I sat at a small table against the wall hiding behind a plant. The jazz jam was electric that night – as though perhaps the musicians felt they might not play publicly again soon. At the end of the show, the lead guy, a saxophonist, offered a wild solo riff, while the rest of the room was silent. The crowd rose to its feet as the sax player finished, and while they applauded he fell on his back, laying on the ground. It did not seem like theatrics: but rather a well-deserved collapse after a stellar, energetic performance.
Andrew Dulysh is that musician’s name – and this week he will play his first proper show since that March night this at LV Cafe Jazz Club, with a crew of musicians he assembled. They’ll be playing tunes that «sound in the mood of autumn.» **Due to social distancing rules and the venue’s small size this story was published after the show.»»

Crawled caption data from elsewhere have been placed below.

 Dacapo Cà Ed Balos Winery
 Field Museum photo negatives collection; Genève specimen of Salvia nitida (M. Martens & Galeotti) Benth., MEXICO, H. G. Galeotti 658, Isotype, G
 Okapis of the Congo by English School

A native of Stryi, a city of 60,000 an hour south of Lviv, Dulysh grew up in a musical family: his mother, Natalia, is a singer and teacher; his father, Taras, is an accordionist and teacher; and younger brother, Roman, is also singing and playing music. Dulysh came to Lviv to study music five years ago. This city whose cobbled streets are full of songs, musicians singing and crowds dancing and singing, day and night is a good laboratory, he says, to innovate, which is the hallmark of jazz.

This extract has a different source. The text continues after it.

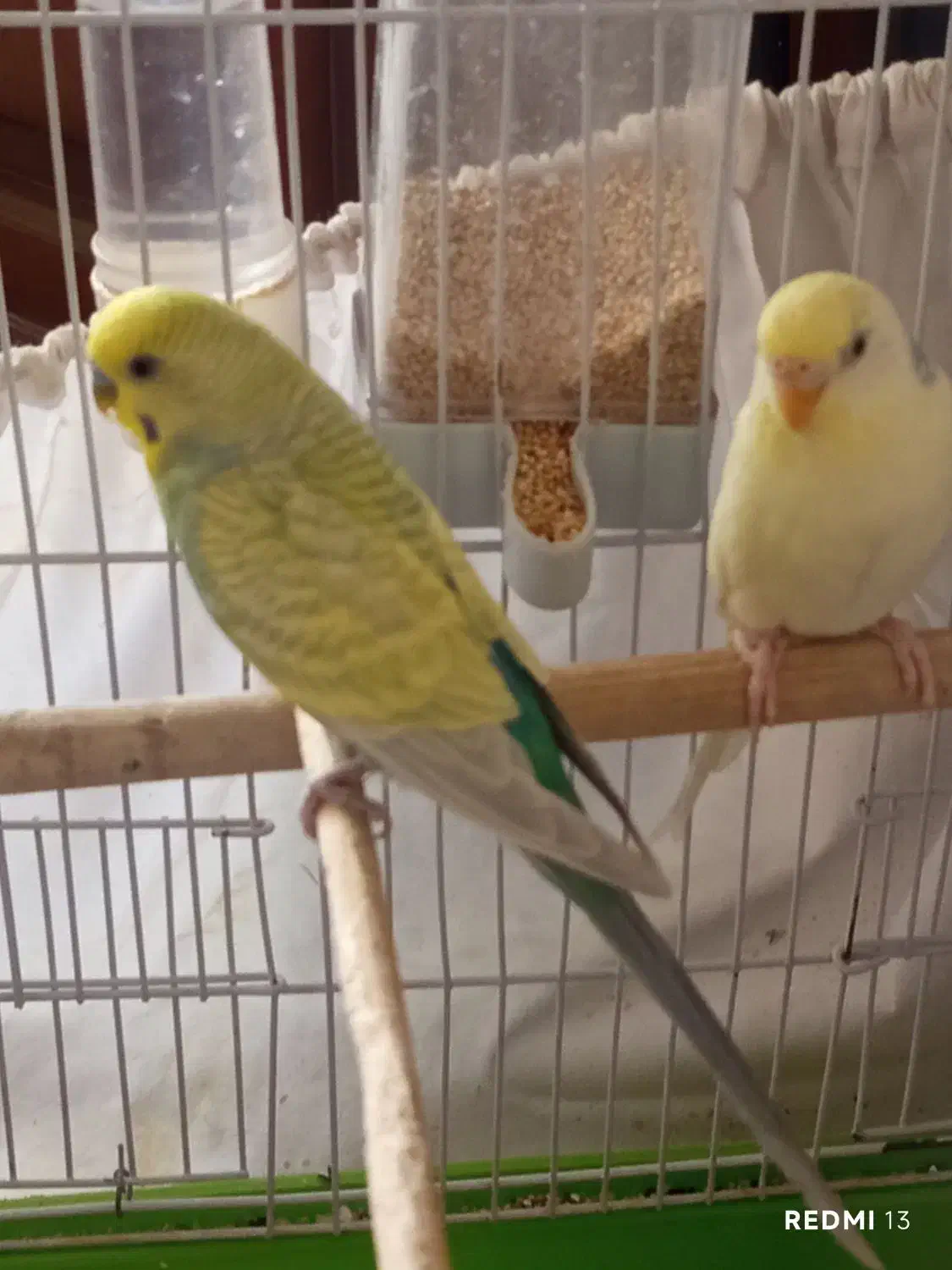 مرغ عشق|پرنده|دماوند, دماوند|دیوار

«Lviv is a nice a city for making music because it’s very young in its music roots and, I hope, is open for experiment» says Dulysh.
In its thousand-year history, Lviv has been exchanged between many empires and kingdoms, it’s been a center of coffee-shop dissent and high-culture opera, it’s seen horrible turmoil and lively peace, and in this context Dulysh identifies the «Lviv vibe» as something that is «always between something: between liberty and conservatism, between Europe and Russia, between old and new. This can be seen by architecture, which I adore.»
At age 7 in Stryi, Dulysh started learning his first instrument, the сопілка (sopilka), the Ukranianian-Carpathian version of the block-flute. Then he added the clarinet, flute, and saxophone. In his musical development, he has taken inspiration from jazz legends like Stan Getz, Art Pepper, Cannonball Adderley and a «god of jazz Mr. Oscar Peterson,» and from modern musicians like American jazz saxophonists Joshua Redman and Chris Potter and from the UK, funk-soul-hip-hop-jazz artist Tom Misch, and funk-jazz band Jamiroquai.
What summons Dulysh, now age 23, to play music?
«This is the most hard, philosophic, and complicated question,» he says. «I love music, it makes me feel different. I can feel freedom more than others. It is the way I can sublimate my feelings, energy, and emotions. But I’m just on the start of this adventure. … The important thing is that I can give something to the audience: emotions and some kind of meaning.»
Lately, Dulysh has been playing on the covered sidewalk terrace at Amadeus many nights of the week, and he has played other small informal events, such as a salon gathering of writers and musicians – events that carry on Lviv’s artistic, intellectual history. He’s a regular at the Wednesday night jazz jams at LV Café, and frequently plays the same as part of his funk project or with other bands such as Lemko Bluegrass Band.